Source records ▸

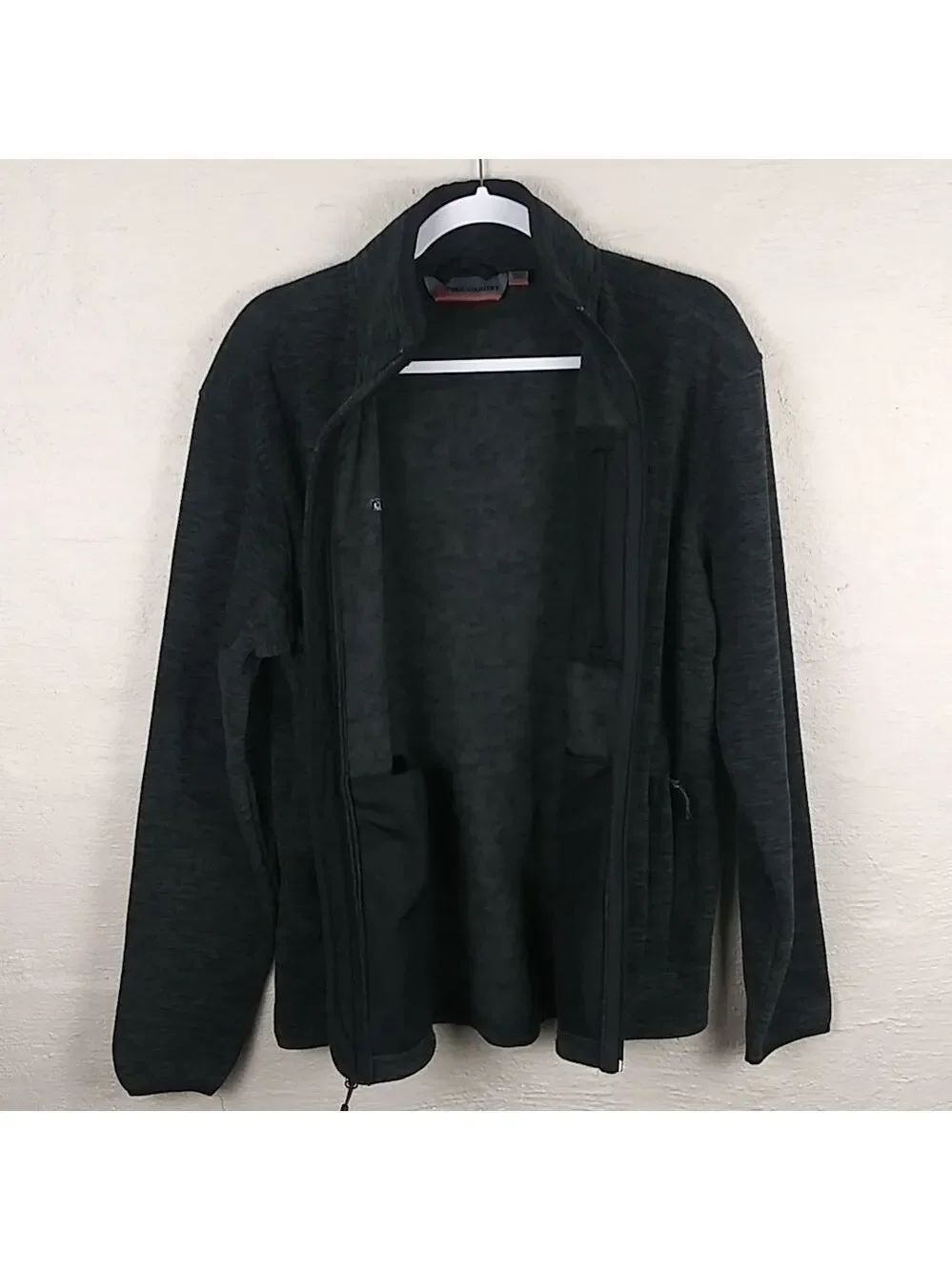 Free Country Microtech Fleece Black Gray Funnel Neck Long Sleeve 1/4 Zip Jacket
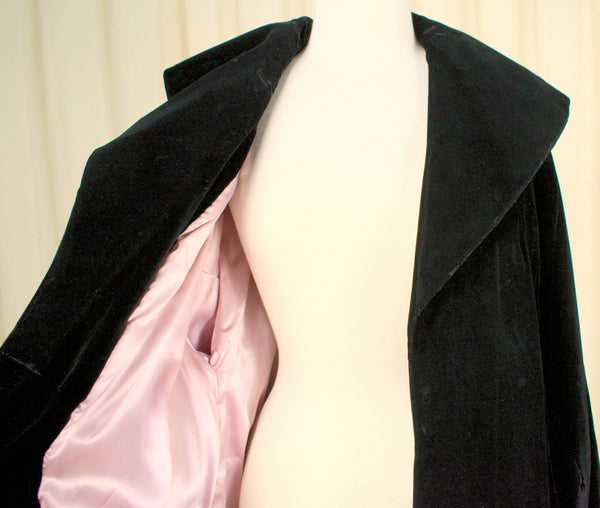 1950s Inky Black Velvet Coat Cats Like Us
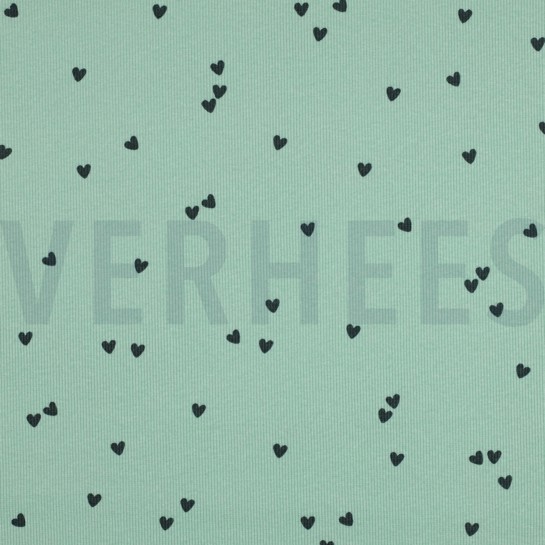 JERSEY CÔTELÉ COEURS SAUGE #7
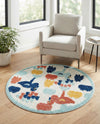 Caribbean Terrace Collection Area Rug -  StLucia Round White  lifestyle 34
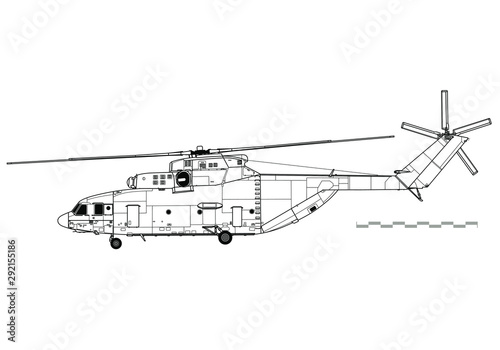Mil Mi-26 Halo. Outline vector drawing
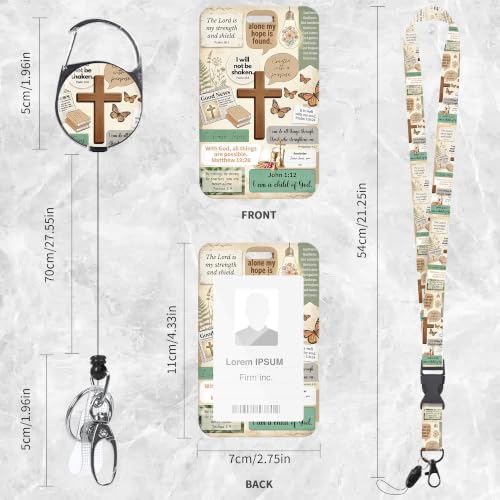 Bible Verse Lanyard with ID Badge Holder and Retractable Badge Reel - color: Bible Verse Cross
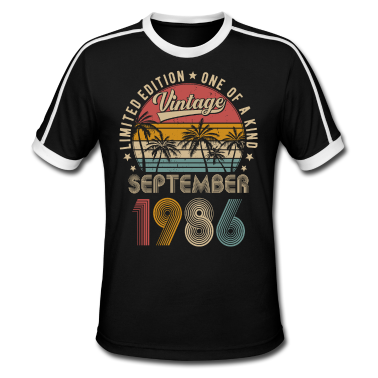 Geburtstag Geschenk Mann T-Shirt - Jahrgang September 1986 Vintage Geburtstag Retro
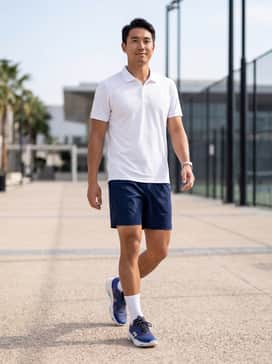 A crisp white moisture-wicking polo shirt paired with tailored navy blue tennis shorts and high-performance white crew socks for a classic on-court ensemble.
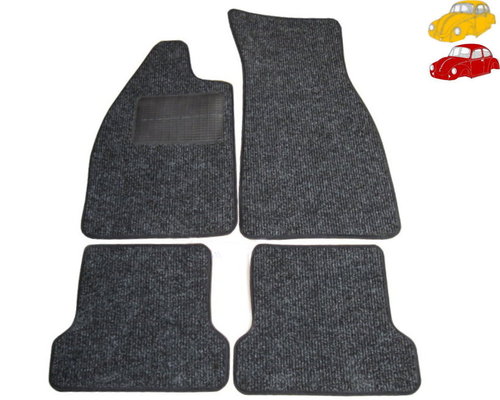 Fußmatte 4-tlg, mit Fersenschutz und rutschfester Unterseite, schwarz-grau, gute Qualität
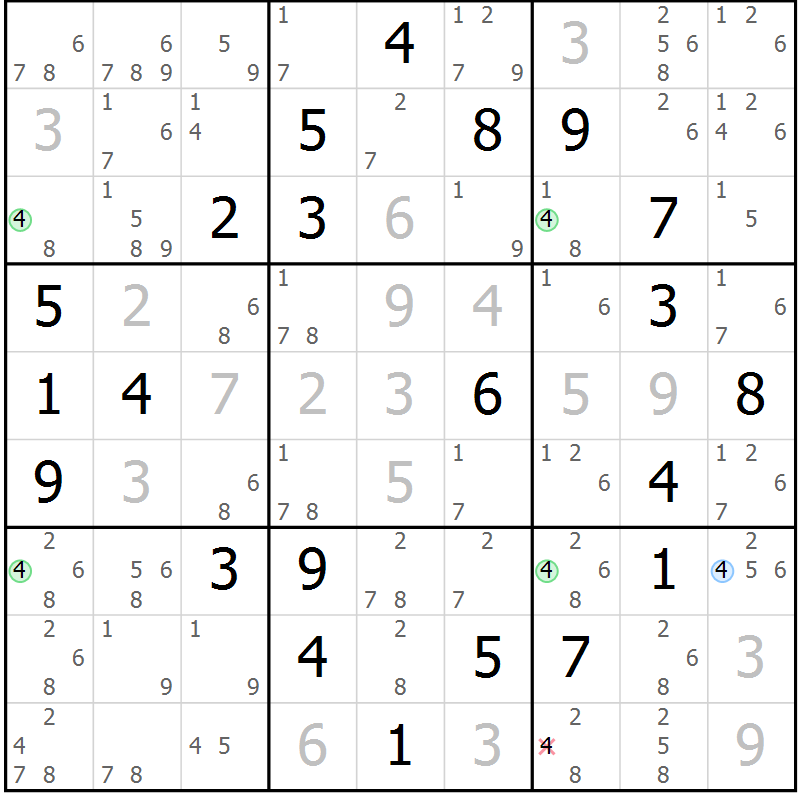 Position des candidats pour la solution de la Gr 1 page 4 du magazine de sudoku Suprême n° 024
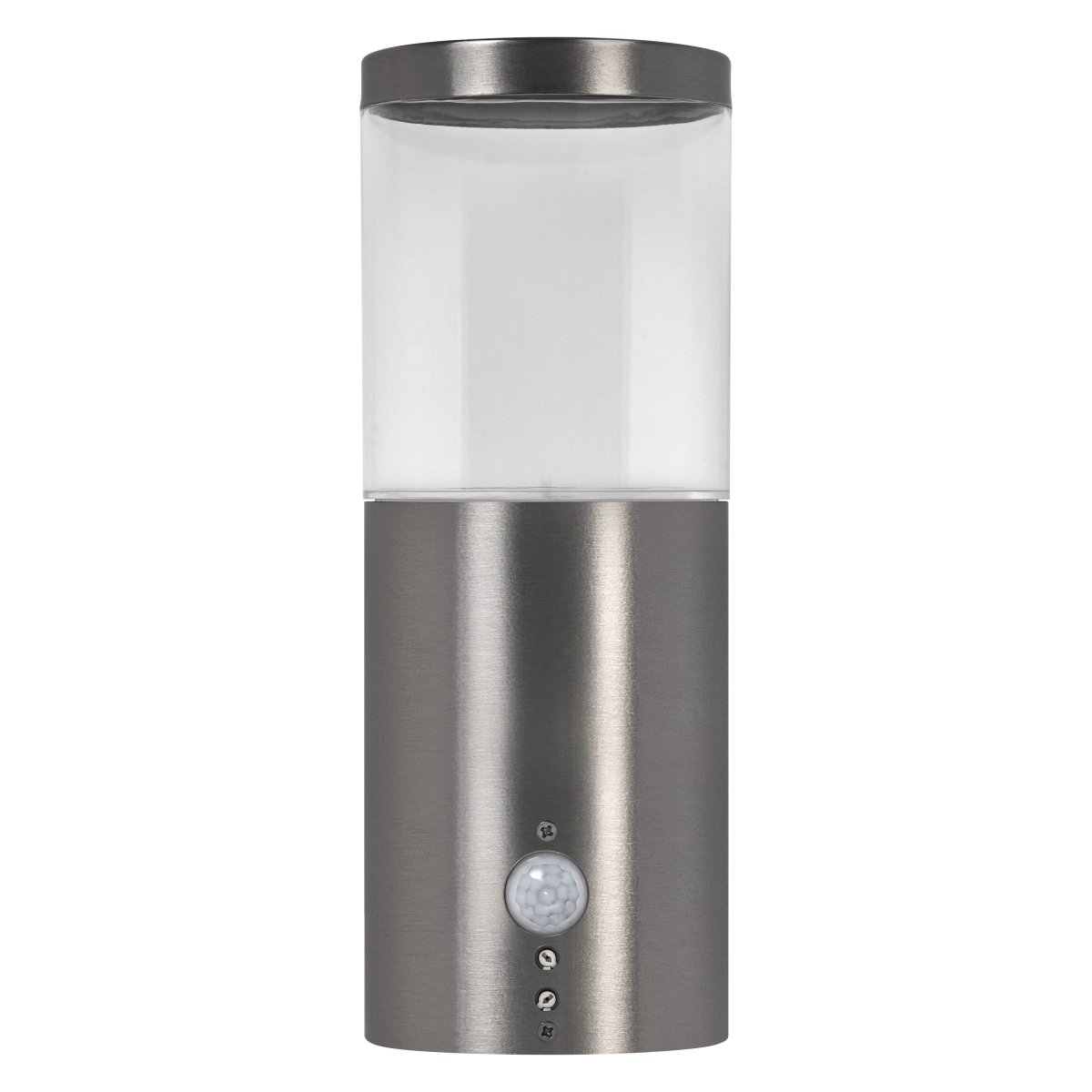 Ebro Sensor Stål utelampa från Ledvance - Tillverkad av rostfritt st&aring;l och polykarbonat, &auml;r denna lampa b&aring;de h&aring;llbar och v&auml;derbest&auml;ndig, vilket g&ouml;r den perfekt f&ouml;r utomhusbruk.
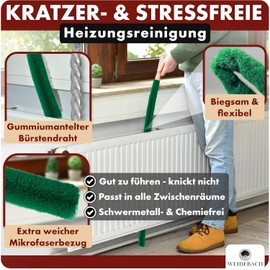 Weidebach Radiator Brush V. 2.0, 125 cm Total Length / 110 cm Brush Made of Microfibre, Radiator Cleaning Brush, Animal Hair Free, Radiator Brush Comes to Any Angle, Stable and Flexible Heating Brush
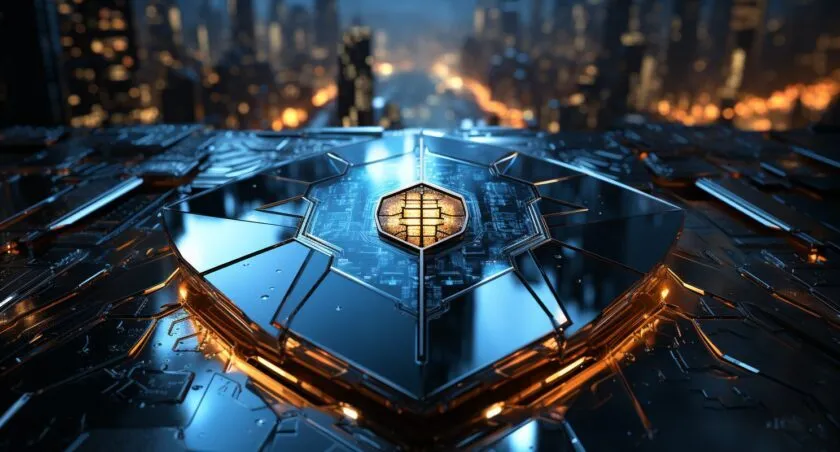 Security Shield On Digital World Background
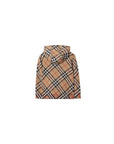 Cardigan con zip biege e fantasia check Burberry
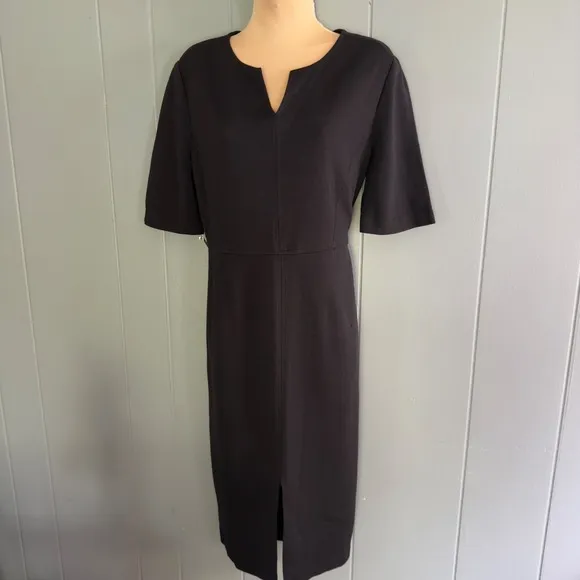 St. John Black Knit Sheath Dress 10 Wool Blend Midi Quiet Luxury Career Classic
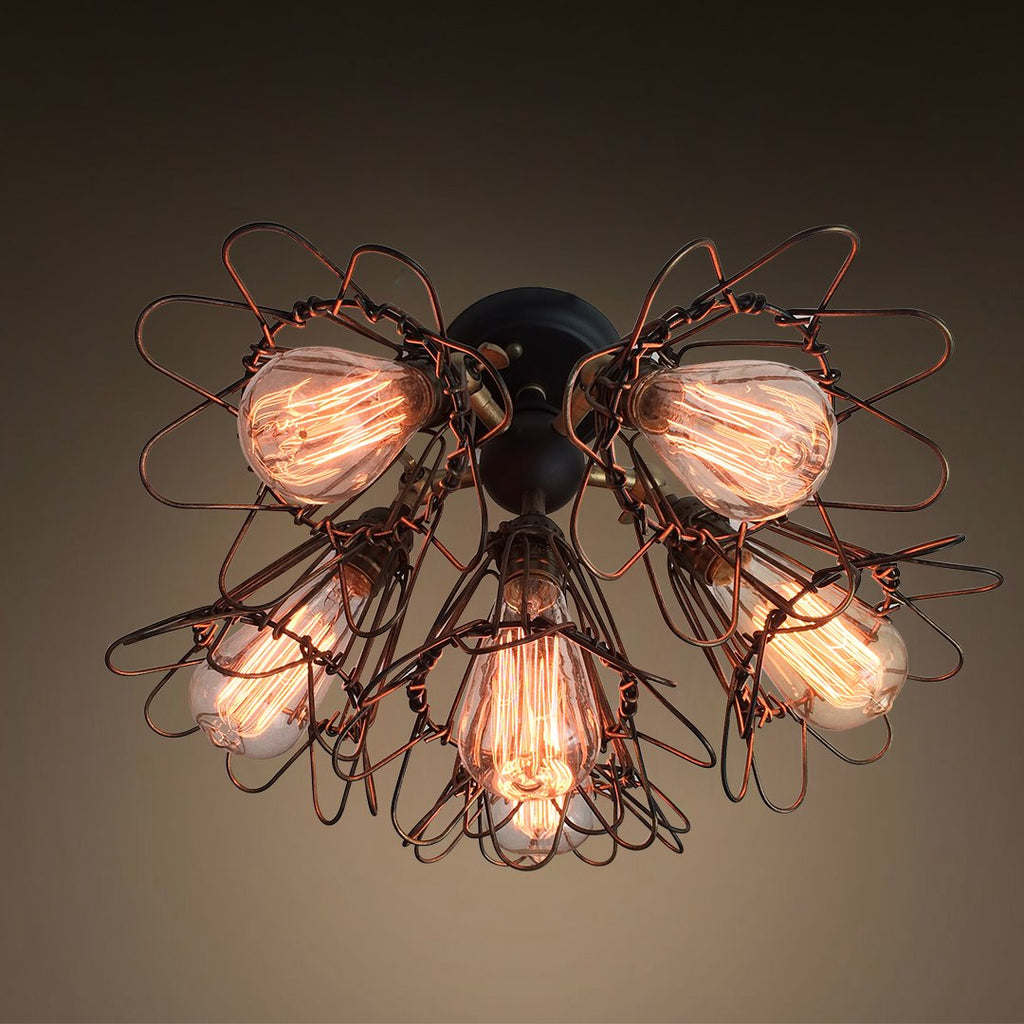 Ajustable Cage Lights Flush Mount Ceiling Light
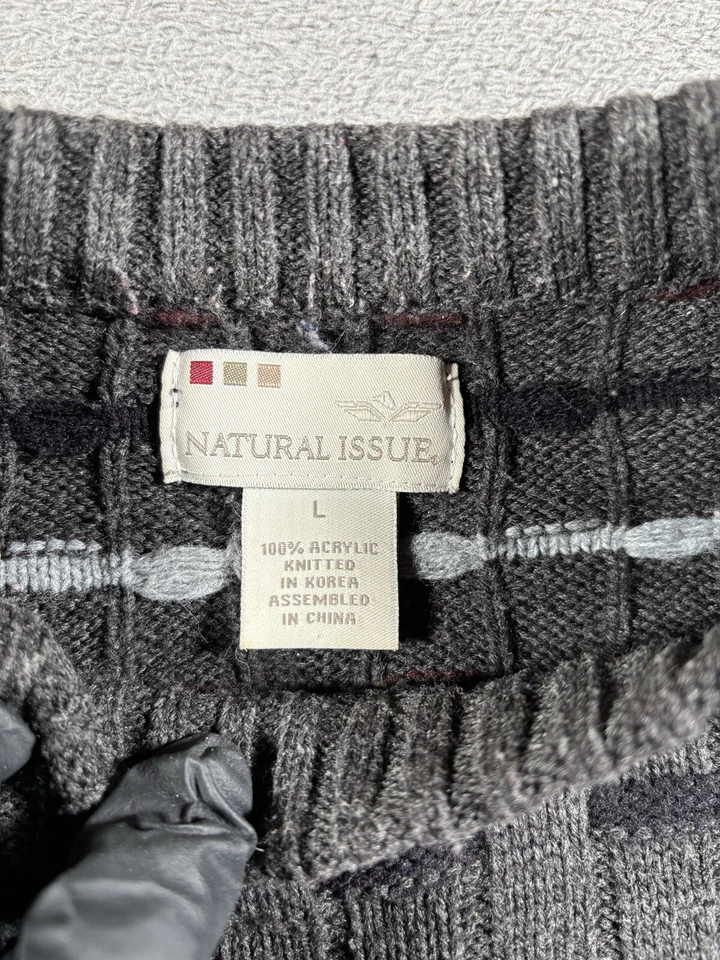 VINTAGE Cable Knit Sweater Mens Large Gray Geometric Acrylic Korea Professor - Изображение 4 из 4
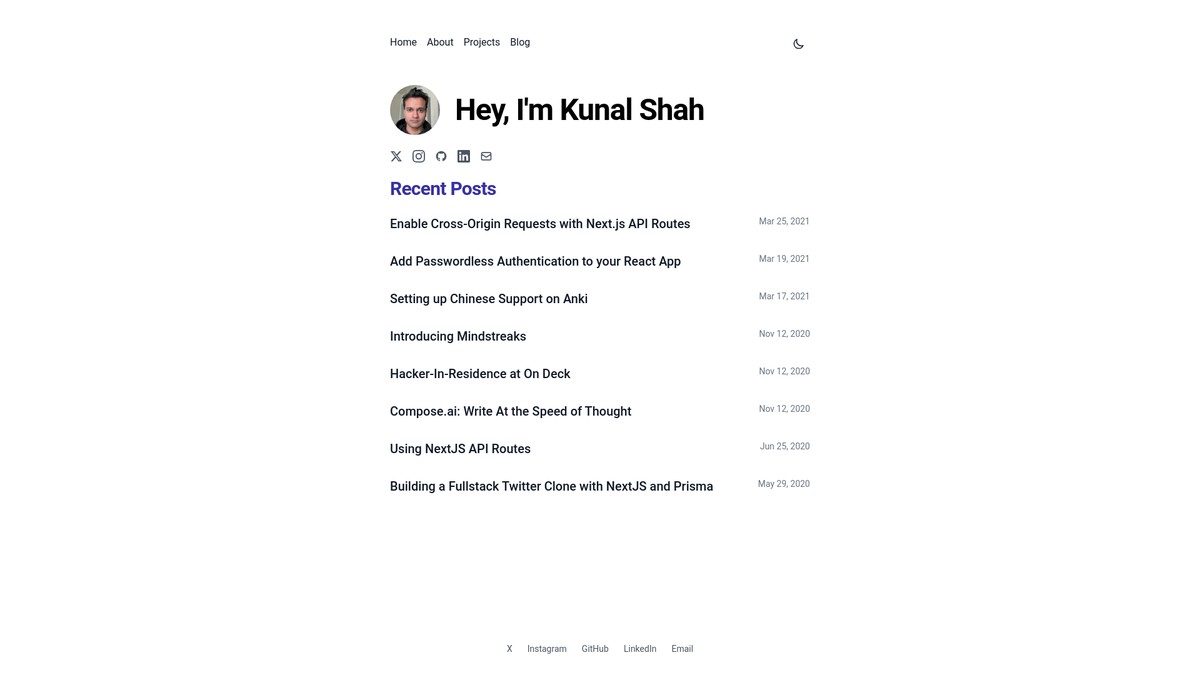kunal.sh screenshot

YOUR TASK ▸ Make an exact copy of the lines above, beginning with the line with "Geburtstag Geschenk Mann" and ending with the line with "A crisp white", and keep the pictures out of it.

ANSWER TO THIS PROBLEM ▸
 Geburtstag Geschenk Mann T-Shirt - Jahrgang September 1986 Vintage Geburtstag Retro
 A crisp white moisture-wicking polo shirt paired with tailored navy blue tennis shorts and high-performance white crew socks for a classic on-court ensemble.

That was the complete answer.